Animon believe that the Three-Eyed Goddess’ defect from the Animon Goddess was caused by a moral disagreement in how mortal affairs should be handled. Scara wished to leave mortals to their own devices, only getting involved when it was absolutely necessary to protect the masses; but the Three-Eyed Goddess actively disobeyed her deity and approached many mortals simply to comfort them in hard times.
Not all believers in the Three-Eyed Goddess are Animon, however. Many of her Star Seer followers believe that when the Three-Eyed Goddess died and moved to the afterlife her spirit discovered gods and deities didn’t exist. The people who believe this say she went on to become a beacon of hope; devoting herself into becoming a true and just deity for mortals to follow like The Goddess had been for her in her own life.
The Three-Eyed Goddess’ teachings are based on the strong set of moral codes that she followed in life. She teaches those she approaches her ways of kindness, loyalty, and trust.
She believes in the right to freedom and personal autonomy, that nobody should be controlled by others or lose their own sense of self, and has appeared for many people on the edge of self-destruction to save them. Whether they are imprisoned, at war, or suicidal, the Three-Eyed Goddess will try to give them the comfort and guidance they need to survive and move forward.
The Three-Eyed Goddess also teaches forgiveness; though not in the way that most would expect. She teaches her followers that forgiveness comes from healing and not that healing comes from forgiveness; that it is not necessary to forgive to heal, but that you must heal before you are able to fully forgive.

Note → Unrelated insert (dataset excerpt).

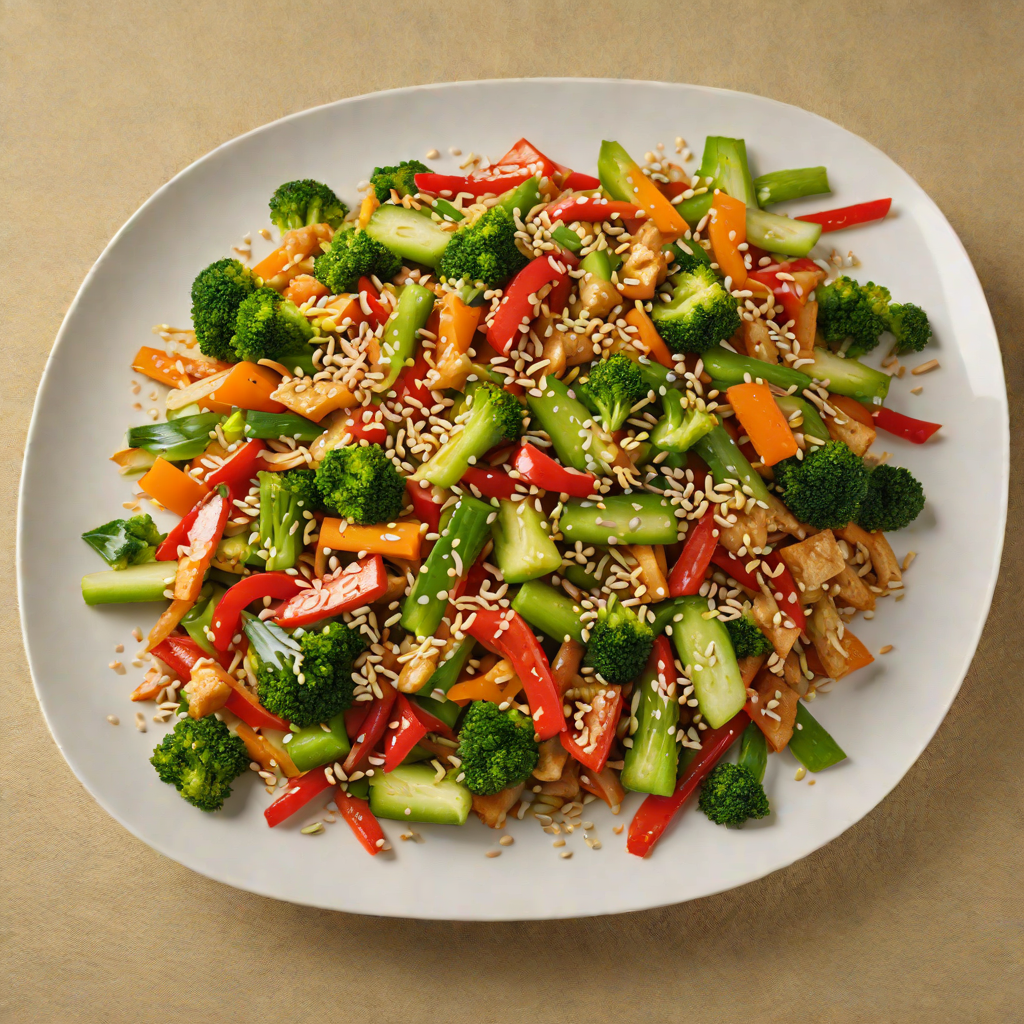 Vegetable Stir-Fry with Ginger-Garlic Sauce and Toasted Sesame Seeds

The third eye of the Three-Eyed Goddess is blind, vacant, and off-centre. It is said that if she allows you to look into her blind eye the reflection will be an image of your own soul.

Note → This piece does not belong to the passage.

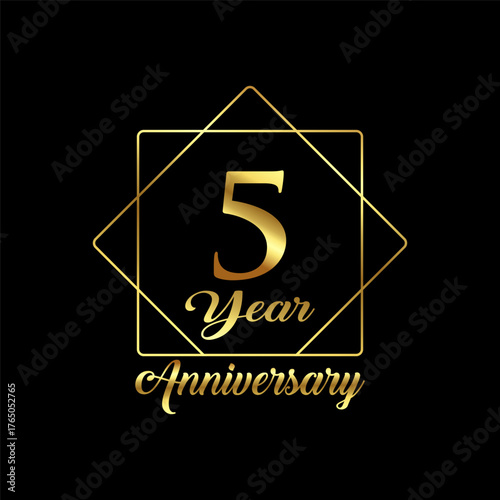 5 year Anniversary wedding wish lettering text vector illustration.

She has prophetic powers and often shares her visions with the mortals she visits. The visions tend to be splinters of the future— each one showing effects of different decisions that the mortal may make in the immediate future. She uses her visions to help the mortal decide what the best action to take is; though she never presses them with her own choice, and always allows them to choose what they believe is best.
It is said that Immortal Queen Distro of Canis La’Can knows the Three-Eyed Goddess from her life before death. Nobody is sure if this is true, however, as the queen tends to turn all questions about her into a joke. All attempts to learn the goddess’ name from Distro have been futile as she gives a different name every time.
There have been cases of Mystics such as goblins and taurs describing visits from the Three-Eyed Goddess. Many say this truly shows her love for all beings —wherever they are from— and sets her apart from the Animon Goddess who is said to only show herself to believers.